Notre approche s’inspirera de l’expérience. Nous avons passé trop d’années et dépensé trop d’argent dans des projets de développement qui n’ont pas abouti à des résultats durables. Mais nous en avons tiré des leçons. Nous savons que les stratégies les plus efficaces proviennent de ceux qui sont proches du problème, et non de gouvernements étrangers ou d’institutions situés à des milliers de kilomètres. Nous savons que le développement donne de meilleurs résultats lorsqu’il est perçu comme un investissement, et non une assistance.

Compte tenu de ces leçons, nous fondons notre initiative de sécurité alimentaire sur cinq principes.
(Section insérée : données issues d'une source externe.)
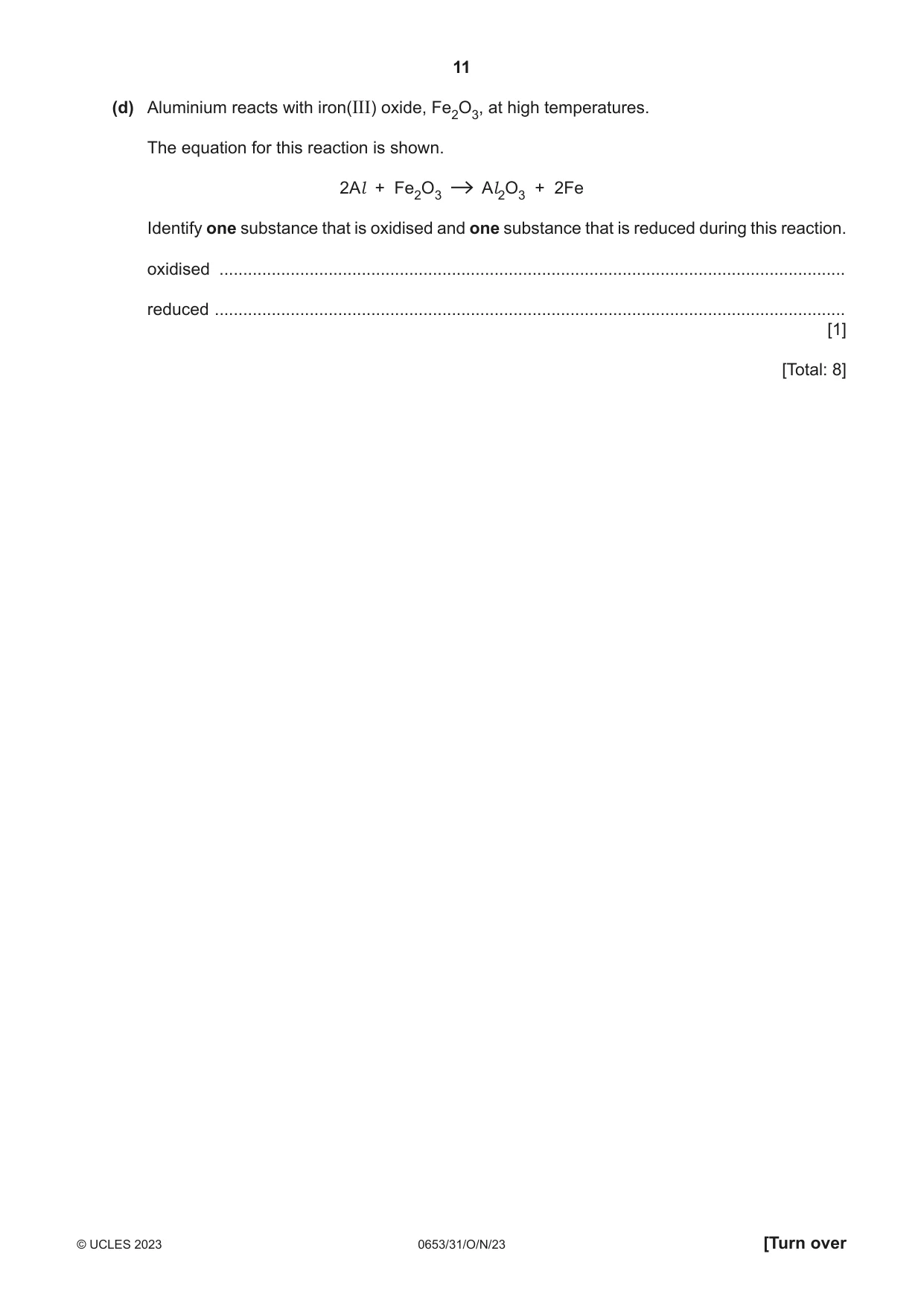 Cambridge IGCSE Science - Combined 0653 2023 Oct/Nov Paper 3 · Variant 1 question paper, page 11 of 20
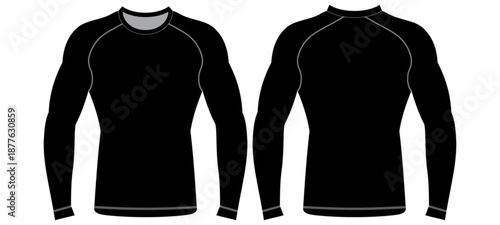Rash Guard Full Sleeves Mockup Template Vector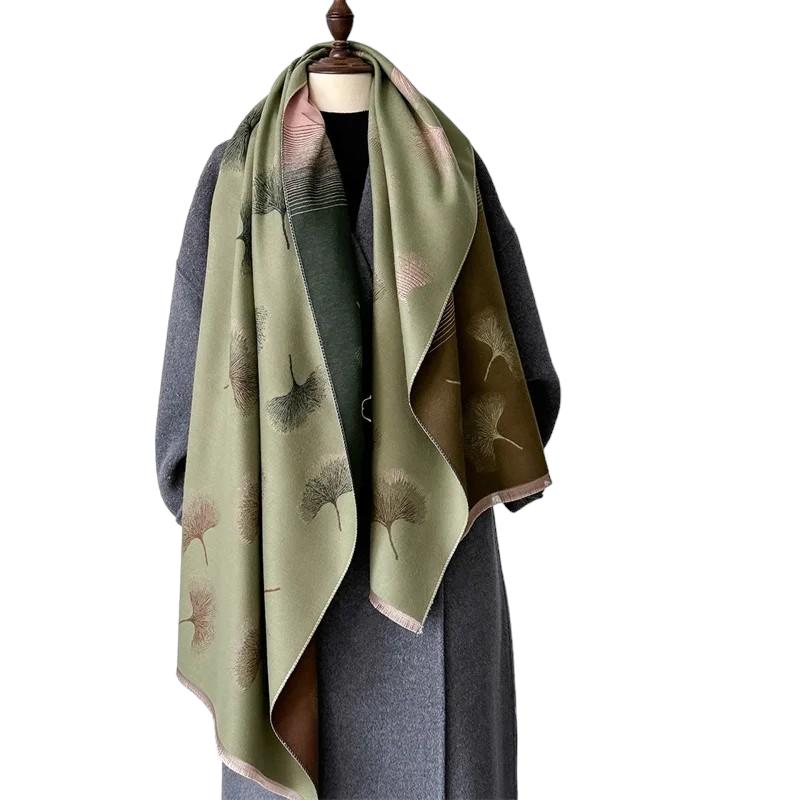 Echarpe Femme Tendance 2024 Vert Olive et Marron 66*186cm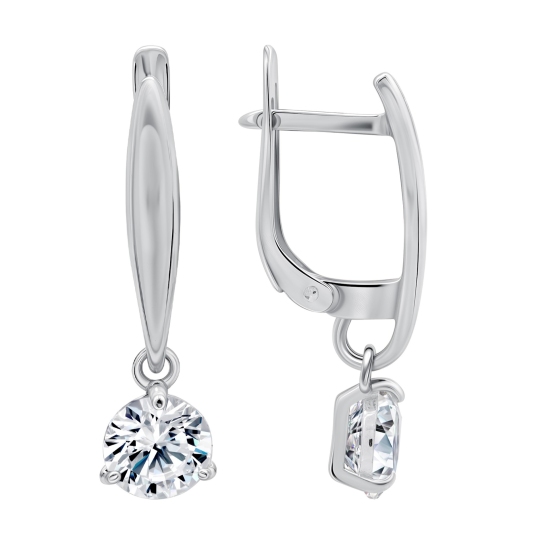 Серьги из серебра с фианитами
Premièrement, il n’y a pas de modèle unique d’agriculture applicable à toutes les situations. Nous collaborerons avec les différents pays pour élaborer et adopter des plans qui répondent à leurs besoins spécifiques.

Deuxièmement, nous nous attaquerons aux causes premières de la faim, en investissant dans tous les domaines, allant de l’amélioration des semences à des programmes d’assurance pour les petits agriculteurs. Et nous augmenterons les capacités et encouragerons la persévérance des femmes, qui représentent la majorité des agriculteurs du monde.

Troisièmement, nous coordonnerons les efforts à l’échelle nationale, régionale et mondiale puisqu’aucune entité ne saurait à elle seule éradiquer la faim.

Quatrièmement, nous supporterons les institutions multilatérales qui possèdent les meilleures ressources et moyens d’actions.

Enfin, nous encouragerons l’engagement à long terme et la transparence, et nous investirons dans des méthodes de suivi et d’évaluation qui permettront au public de voir ce que nous avons fait.

Nos efforts de développement fondés sur l’agriculture renforceront nos engagements de base pour ce qui est de l’aide alimentaire d’urgence et de notre réponse face aux appels de drames et de catastrophes naturelles – comme cela se produit actuellement dans le Corne de l’Afrique, où la sécheresse, les mauvaises récoltes et la guerre civile ont provoqué une grave crise humanitaire.

Revitaliser le secteur agricole mondial ne sera pas chose aisée. C’est en fait l’une des tâches les plus ambitieuses sur le plan de la diplomatie et du développement que notre pays n’ait jamais entreprise. Mais, elle peut s’accomplir. Elle en vaut la peine. Notre réussite sera le gage d’une prospérité et d’une paix accrues dans les années à venir.